Münchener Dekanat erleidet Millionenverlust

Die Stadtdekanin will sich ihrer Verantwortung stellen
München (idea) – Das evangelische Dekanat München hat bei Finanzgeschäften Verluste in
Millionenhöhe erlitten. Wie Stadtdekanin Barbara Kittelberger bei einer Pressekonferenz am 29.

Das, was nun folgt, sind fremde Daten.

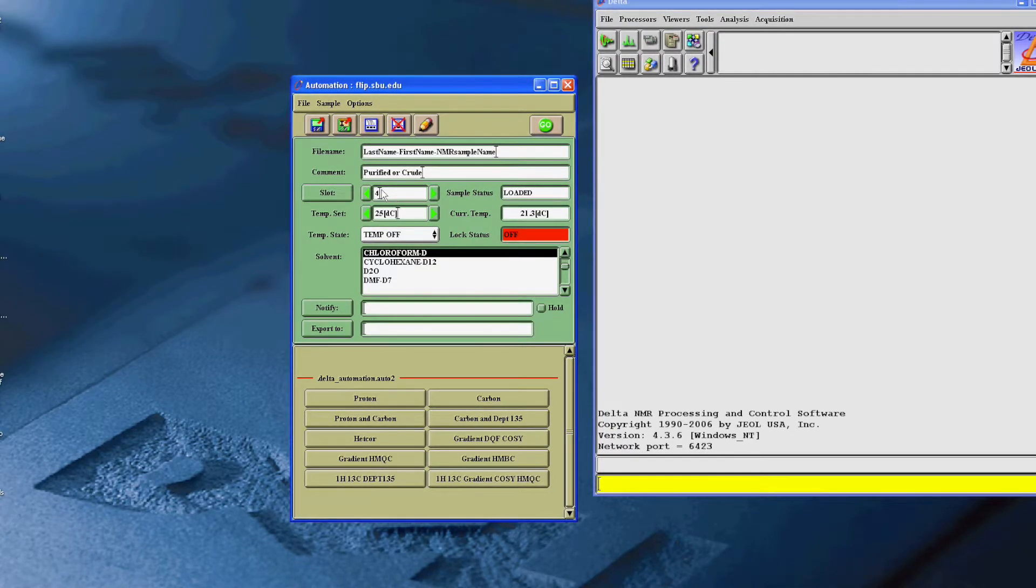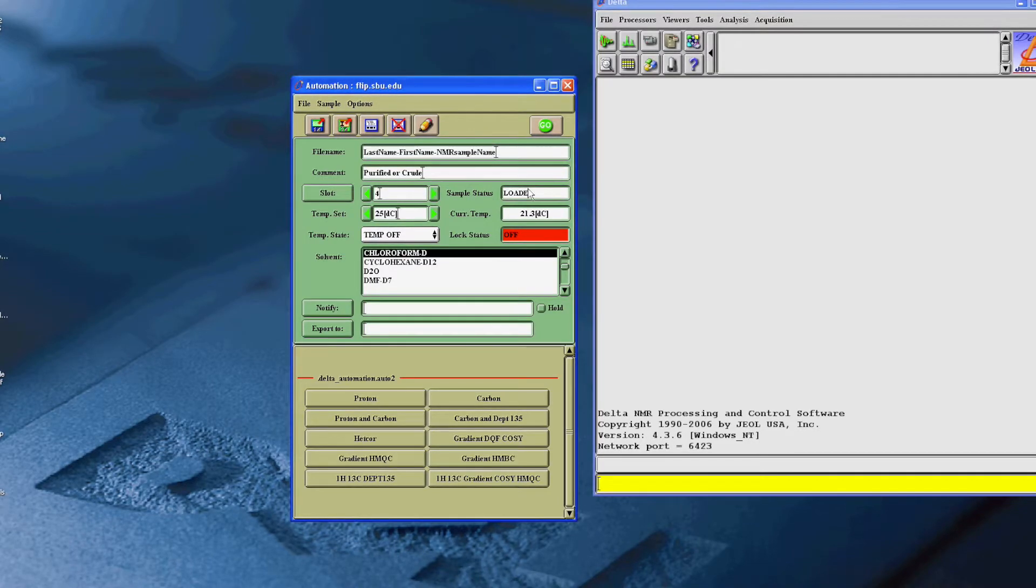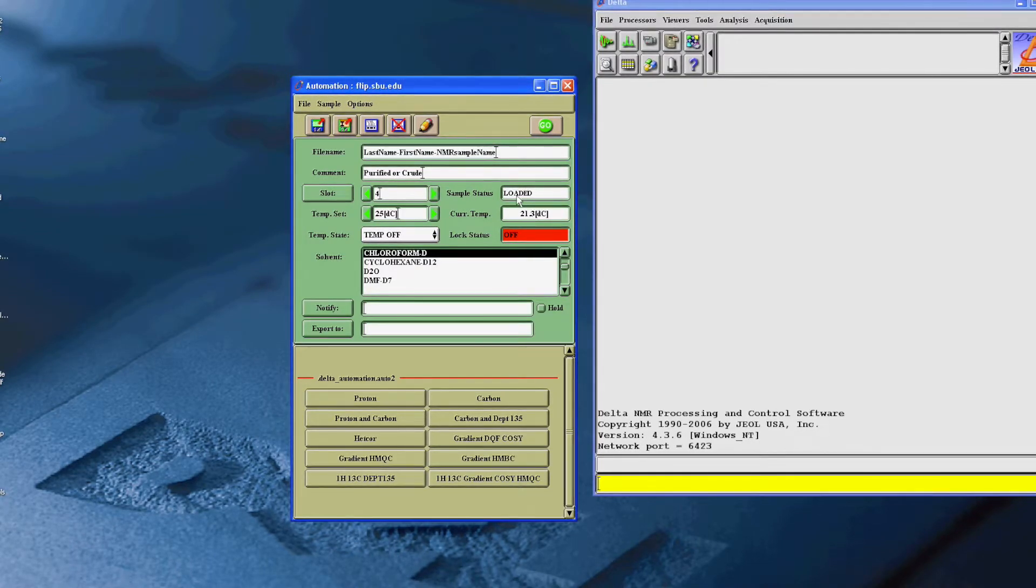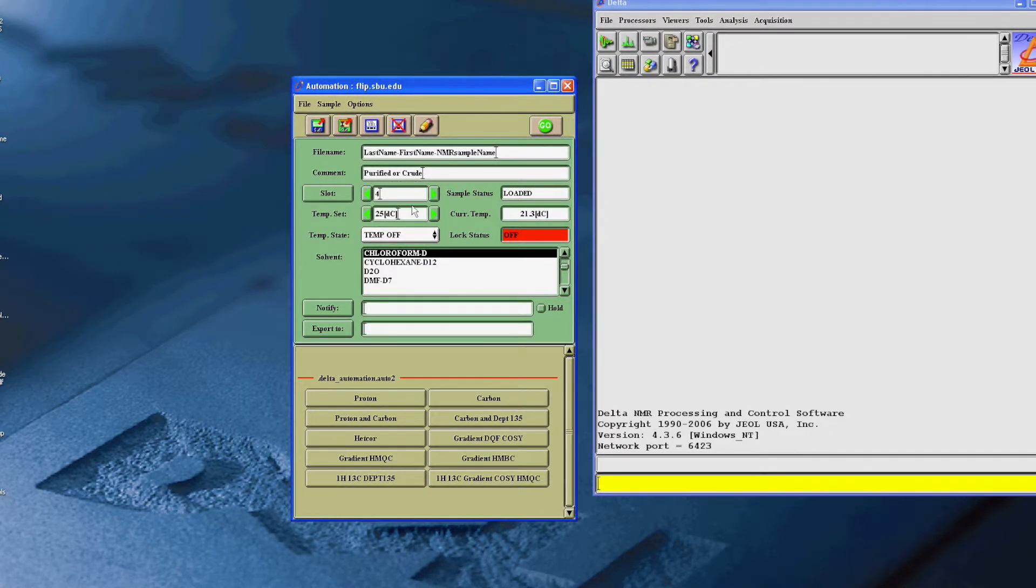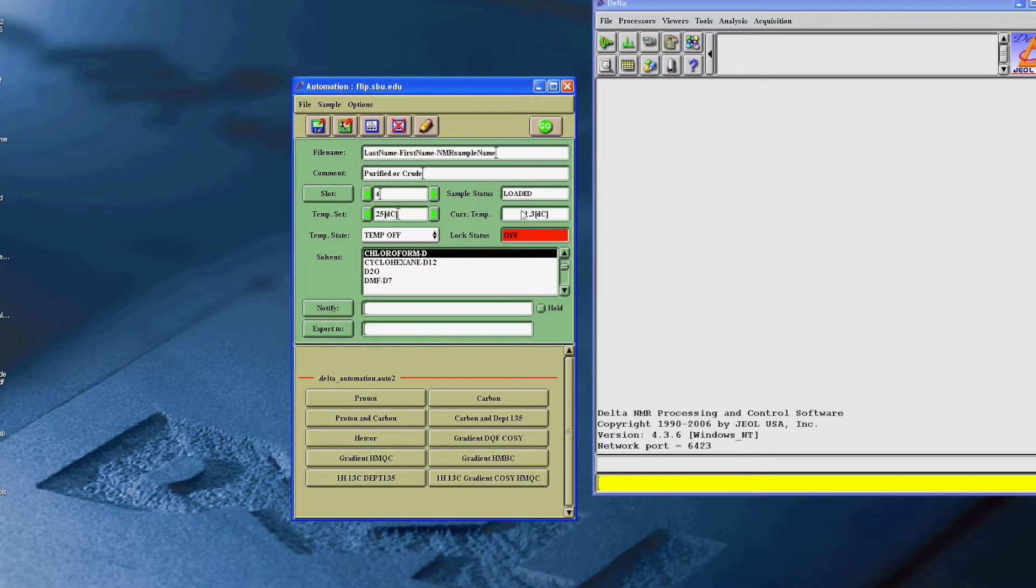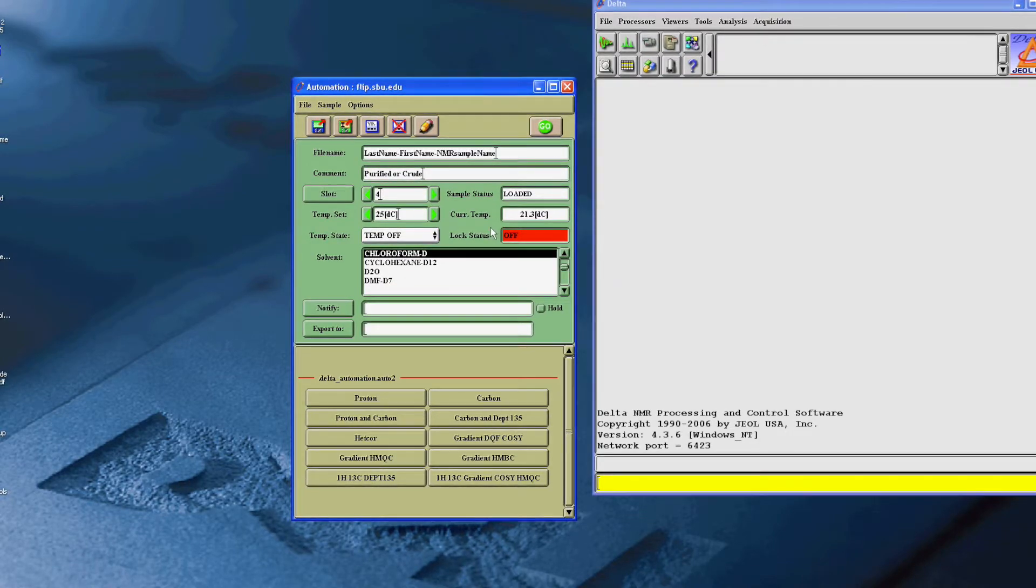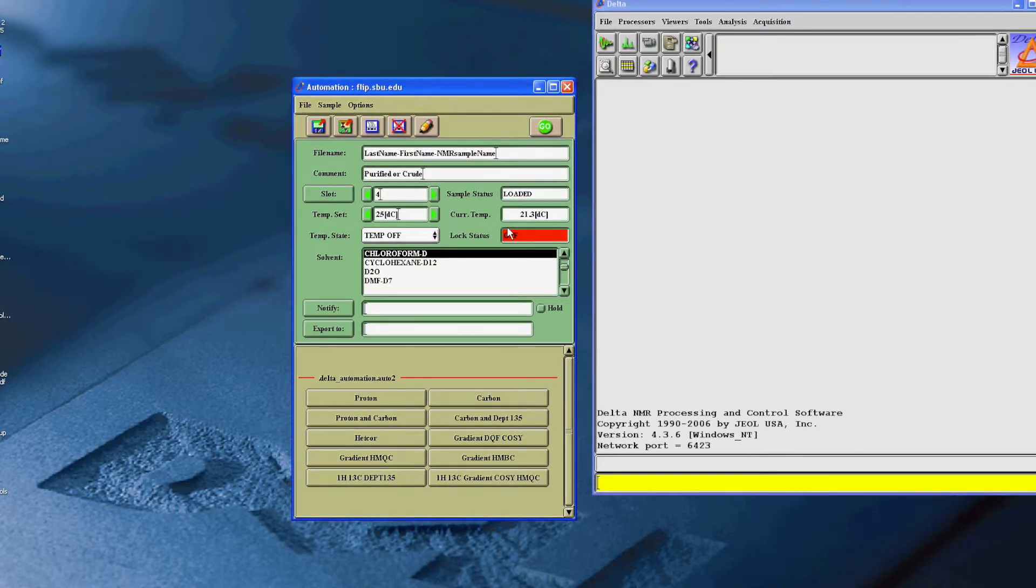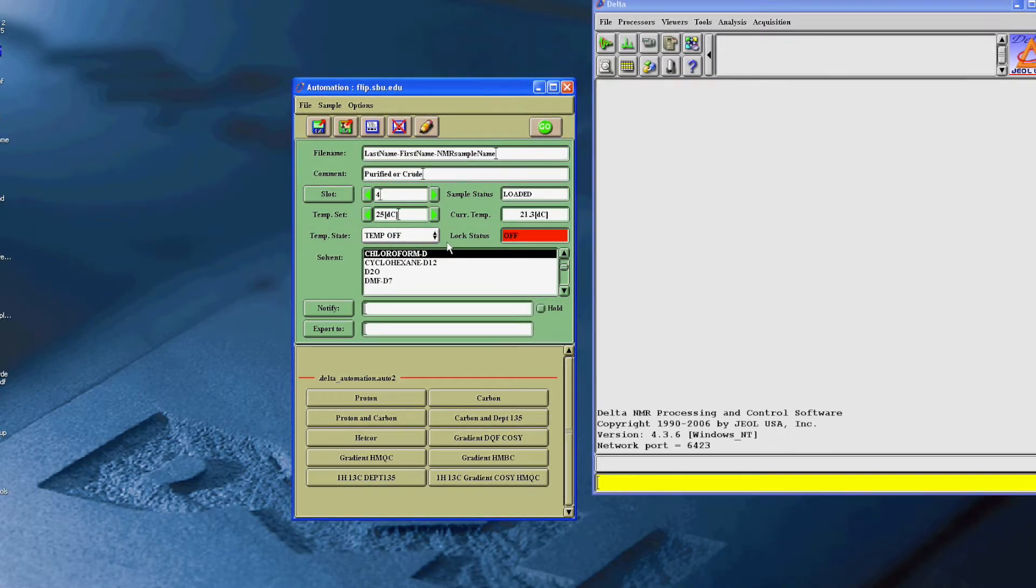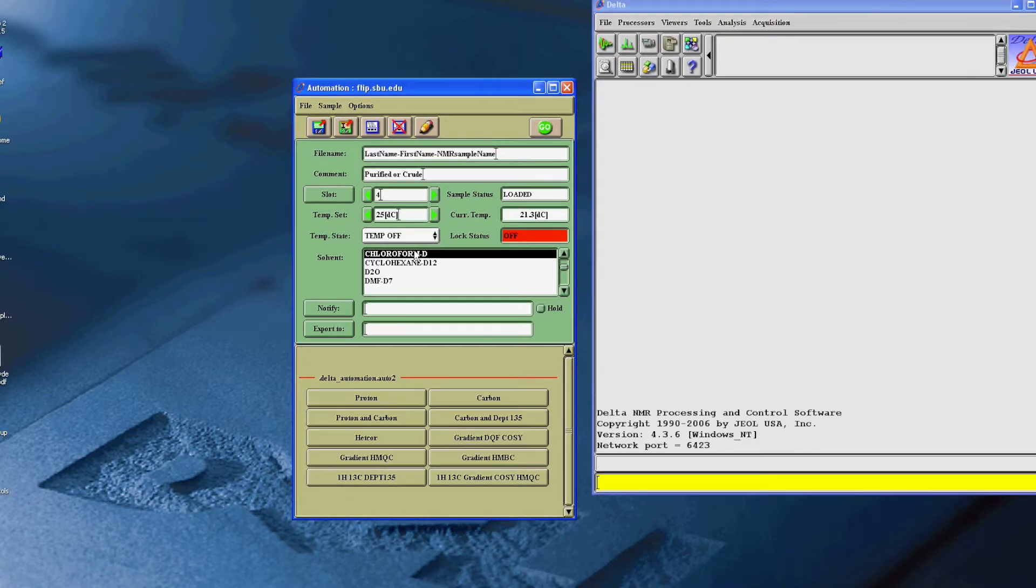Now, you'll want to confirm the slot number, and the temperature settings should never be changed. Then, make sure you've selected the appropriate solvent.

Januar mitteilte, sind bis zu 5,5 Millionen Euro in Gefahr. Gelder in dieser Höhe waren in
Unternehmen von Solar-, Wind- und Wasserenergie sowie Müllaufarbeitung investiert worden,
die inzwischen insolvent sind. Laut Kittelberger handelte es sich nicht um hoch spekulative
Geschäfte. Die Rendite-Erwartungen hätten aber über den üblichen Bankenzinsen gelegen. Die
genaue Höhe der Verluste lasse sich erst nach Abschluss der Insolvenzverfahren feststellen. Das
Rechnungsprüfungsamt der Landeskirche untersuche, wie es zu dem Debakel kommen konnte.
Sobald der Bericht vorliege, solle über Konsequenzen beraten werden. Ein Abteilungsleiter sei
vorläufig von seinen Aufgaben entbunden worden, sagte die Stadtdekanin. Auch sie stelle sich
ihrer Verantwortung, da sie die Aufsicht über das Haushalts- und Rechnungswesen trage. Die
Kirche müsse mit einem Vertrauensverlust und berechtigten Fragen nach der Verlässlichkeit in
Finanzangelegenheiten rechnen.
Ohne Kontrolle durch Gremien
Das Dekanat hat fast die Hälfte seiner Rücklagen in Höhe von 32 Millionen Euro in Anleihen
mittelständischer Unternehmen aus – wie es heißt – „ökologisch nachhaltigen Branchen“ gesteckt.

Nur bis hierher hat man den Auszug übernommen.